Demir'in sıkıntısını anlıyoruz. Çünkü, soruşturmanın gizli
yürütülmesi, ifade verecek kişilerin tedirginlik duymaması önemli.
Ama sanıyoruz, Komisyon Başkanı'nın yalanlaması, Karamehmet'in
sahip olduğu Akşam gazetesi tarafından maksadını aşan bir biçimde
ve bazı yayın organlarını suçlamak amacıyla kullanıldı.
Haydi Doğan Grubu'nun özel husumetle hareket ettiğini varsayalım.

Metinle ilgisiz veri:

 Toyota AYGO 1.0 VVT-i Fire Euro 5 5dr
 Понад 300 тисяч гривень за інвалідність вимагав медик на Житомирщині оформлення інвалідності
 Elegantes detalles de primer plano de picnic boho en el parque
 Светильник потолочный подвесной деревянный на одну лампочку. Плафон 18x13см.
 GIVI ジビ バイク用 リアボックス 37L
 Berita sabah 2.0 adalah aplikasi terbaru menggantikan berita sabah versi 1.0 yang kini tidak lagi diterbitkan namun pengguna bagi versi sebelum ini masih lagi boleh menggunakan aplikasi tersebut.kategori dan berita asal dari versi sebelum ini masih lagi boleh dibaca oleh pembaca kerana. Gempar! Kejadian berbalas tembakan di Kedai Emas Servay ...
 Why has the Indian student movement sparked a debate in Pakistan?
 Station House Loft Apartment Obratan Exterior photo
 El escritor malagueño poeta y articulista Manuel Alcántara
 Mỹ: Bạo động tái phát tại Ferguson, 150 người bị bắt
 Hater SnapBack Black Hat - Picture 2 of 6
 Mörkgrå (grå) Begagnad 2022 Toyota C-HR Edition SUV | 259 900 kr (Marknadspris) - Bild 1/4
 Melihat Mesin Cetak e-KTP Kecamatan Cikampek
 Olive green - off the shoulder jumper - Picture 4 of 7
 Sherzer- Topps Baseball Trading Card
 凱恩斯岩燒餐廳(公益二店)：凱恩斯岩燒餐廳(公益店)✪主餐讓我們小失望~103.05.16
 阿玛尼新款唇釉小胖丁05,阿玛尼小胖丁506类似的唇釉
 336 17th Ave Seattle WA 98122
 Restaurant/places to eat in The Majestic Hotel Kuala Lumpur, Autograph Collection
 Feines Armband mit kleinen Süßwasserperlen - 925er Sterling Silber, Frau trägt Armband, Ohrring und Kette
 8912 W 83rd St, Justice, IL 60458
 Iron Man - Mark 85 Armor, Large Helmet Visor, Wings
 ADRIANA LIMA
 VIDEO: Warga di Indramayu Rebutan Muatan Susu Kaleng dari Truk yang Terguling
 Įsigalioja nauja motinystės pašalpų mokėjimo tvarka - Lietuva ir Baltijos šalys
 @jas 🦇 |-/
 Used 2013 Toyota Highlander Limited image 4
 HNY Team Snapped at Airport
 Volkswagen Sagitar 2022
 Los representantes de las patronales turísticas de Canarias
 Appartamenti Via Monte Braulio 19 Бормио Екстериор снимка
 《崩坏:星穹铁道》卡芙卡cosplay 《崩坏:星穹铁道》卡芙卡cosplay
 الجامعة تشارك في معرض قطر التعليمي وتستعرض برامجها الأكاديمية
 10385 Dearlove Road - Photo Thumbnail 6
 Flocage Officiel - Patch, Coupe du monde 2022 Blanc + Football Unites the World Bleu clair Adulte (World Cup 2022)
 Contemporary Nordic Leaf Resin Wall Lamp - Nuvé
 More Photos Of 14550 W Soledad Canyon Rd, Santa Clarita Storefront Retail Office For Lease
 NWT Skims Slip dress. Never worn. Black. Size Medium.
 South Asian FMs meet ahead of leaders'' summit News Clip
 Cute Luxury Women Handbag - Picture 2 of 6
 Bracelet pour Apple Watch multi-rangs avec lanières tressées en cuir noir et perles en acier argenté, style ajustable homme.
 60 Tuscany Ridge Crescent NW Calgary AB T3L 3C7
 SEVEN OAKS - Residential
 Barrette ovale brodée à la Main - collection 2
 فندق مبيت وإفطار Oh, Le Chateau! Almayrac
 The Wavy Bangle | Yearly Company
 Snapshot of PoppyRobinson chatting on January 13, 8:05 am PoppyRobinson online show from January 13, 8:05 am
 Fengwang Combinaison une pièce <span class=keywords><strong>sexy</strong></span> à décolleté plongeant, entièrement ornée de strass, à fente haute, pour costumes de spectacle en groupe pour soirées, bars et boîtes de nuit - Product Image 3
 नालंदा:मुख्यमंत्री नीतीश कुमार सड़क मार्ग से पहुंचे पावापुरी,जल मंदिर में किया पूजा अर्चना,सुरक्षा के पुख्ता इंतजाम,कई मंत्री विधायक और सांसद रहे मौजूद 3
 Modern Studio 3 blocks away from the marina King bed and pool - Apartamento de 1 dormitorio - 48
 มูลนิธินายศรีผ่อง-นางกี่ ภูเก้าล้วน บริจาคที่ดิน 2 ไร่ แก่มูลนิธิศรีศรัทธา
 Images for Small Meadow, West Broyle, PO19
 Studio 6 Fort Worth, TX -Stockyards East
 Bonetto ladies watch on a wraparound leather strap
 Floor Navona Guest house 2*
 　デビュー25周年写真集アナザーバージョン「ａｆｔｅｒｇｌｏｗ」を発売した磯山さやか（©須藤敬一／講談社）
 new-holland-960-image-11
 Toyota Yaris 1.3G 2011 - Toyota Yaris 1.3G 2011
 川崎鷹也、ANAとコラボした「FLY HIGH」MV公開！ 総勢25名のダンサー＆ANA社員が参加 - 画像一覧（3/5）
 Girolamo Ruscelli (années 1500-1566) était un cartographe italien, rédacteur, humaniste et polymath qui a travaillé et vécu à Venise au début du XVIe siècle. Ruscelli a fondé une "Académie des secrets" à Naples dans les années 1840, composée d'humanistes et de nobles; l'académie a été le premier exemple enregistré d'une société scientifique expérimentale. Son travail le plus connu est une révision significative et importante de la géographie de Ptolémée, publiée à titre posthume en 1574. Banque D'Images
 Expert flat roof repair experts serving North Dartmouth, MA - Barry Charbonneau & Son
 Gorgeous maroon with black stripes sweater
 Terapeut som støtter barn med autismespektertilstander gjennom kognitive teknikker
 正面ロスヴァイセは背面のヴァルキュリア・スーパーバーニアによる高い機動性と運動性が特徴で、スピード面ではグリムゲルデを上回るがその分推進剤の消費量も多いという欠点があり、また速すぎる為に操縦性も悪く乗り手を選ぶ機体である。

Star ve Dünden Bugüne Tercüman niçin haberi çarpıtmış olsun? Kaldı
ki o haber, Mehmet Emin Karamehmet'in değil, Mesut Yılmaz ve Güneş
Taner'in aleyhinde. Ve aşağı yukarı yıllardır bilinenlerin,
komisyona ifade veren Mehmet Emin Karamehmet tarafından teyit
edilmesinden ibaret.
Neresi yalan!
Mehmet Emin Karamehmet, Güneş Taner'in evine, Fisko Birlik'ten
alacağıyla ilgili bir konuşma yapmak üzere gidiyor ve orada Korkmaz
Yiğit'i görüyor. Taner, Karamehmet'ten, Korkmaz Yiğit'e kredi
vermesini istiyor.
Mehmet Emin Karamehmet, Korkmaz Yiğit'e kredi açabilmek için
teminat talep ediyor. Korkmaz Yiğit cevaben "Bu bir siyasi
kredidir, teminatı olmaz" diyor.
Şimdi soruyorum ve Komisyonu'nun diğer üyelerini de şahit
tutuyorum:
1) Güneş Taner'in evinde Korkmaz Yiğit ve Mehmet Emin Karamehmet
bir araya gelmedi mi?
2) Güneş Taner, Mehmet Emin Karamehmet'e "Korkmaz'a kredi ver"
demedi mi?
3) Mehmet Emin Karamehmet teminat isteyince, Korkmaz Yiğit'ten "Bu
bir siyasi kredi" cevabını almadı mı?
Bu iddiaların hepsi doğru.
* * *
Şimdi gelelim bir başka konuya.
1)Mehmet Emin Karamehmet, Güneş Taner'e "Çakıcı tarafından tehdit
ediliyorum" şikâyetinde bulunmadı mı?
2)Güneş Taner bir yerlere telefon ettikten sonra, Karamehmet'e
"Merak etme" cevabını vermedi mi?
Bu iddialar da doğru.
Gazetecinin görevi
Bir tesadüf eseri, dün AK Parti grubundan çıkarken, Türkbank
Komisyonu Başkanı Demir ile karşılaştım. Beni odasına davet etti.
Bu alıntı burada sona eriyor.